I can't help but notice some parallels between some laws that have been passed regarding spam and touchy issues like
gun control here in the U.S. Do we really think the solution is to include "ADV:" in the subject line? Of course not. That will penalize the folks who want to play by the rules. While their e-mail
messages will get filtered into the trash, based on the "ADV:" in the subject line, the truly sleazy spammers will continue to put whatever the heck they like in the subject line and will break
through the spam filters. State governments will have a difficult time tracking them down because of the anonymity that forged headers give them, not to mention the 'safety in numbers' that comes
along with the government's already-stretched resources only being able to do so much when they have billions of UCE messages to contend with every day. When spam is outlawed, only outlaws will send
spam.
Seana asked some good questions yesterday. As marketers, what do we do? After all, even consumers can't seem to agree on a common definition of spam. All I can say is that a
few common threads run through the various definitions - In order to dodge the spam label with any degree of consistency, a communication has to 1) be requested, and 2) extend value.
While it's feasible to deliver on #2 while renting e-mail lists, it's impossible to fulfill #1. Consumers see the "You are receiving this because you opted in" language at the top of their
commercial e-mailings, and you know what? They're not buying it.
My answer to the question?
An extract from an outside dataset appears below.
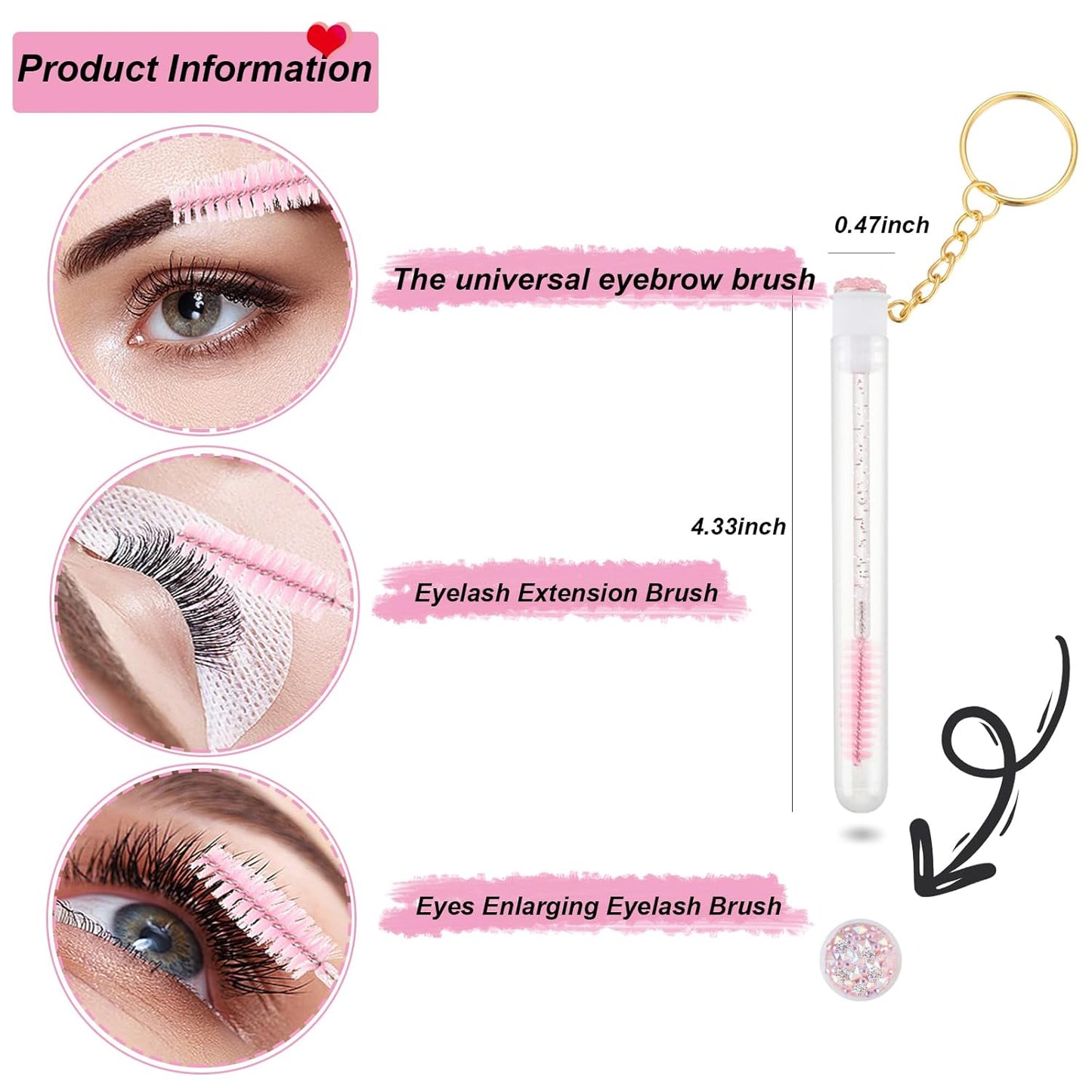 Upgrade 48 Pieces Disposable Mascara Wands Set,Extremely Durable Diamond Mascara for Women and Girls- Include 24 Pcs Crystal Lash Spoolies Brush and 24 Pcs Reusable Keychain Empty Eyelash Brush Tubes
First, let's lay out all the evidence:
- Consumers are growing more
impatient with spam every day.
- The volume of spam is growing every day, as is the clutter in everyone's mailbox.
- The channel hosts a bunch of amateur online marketers who don't care
if they represent the bad apples that spoil the bunch.
- Government intervention will most likely increase the cost of "legitimate" e-mail marketing by creating many different laws that will
need to be adhered to on a state-by-state basis.
- Consumers find it difficult to distinguish between "legitimate" e-mail marketing and spam.
I don't know what
everyone else is going to do, but I'm advising my clients to stay as far away from e-mail list rental as possible.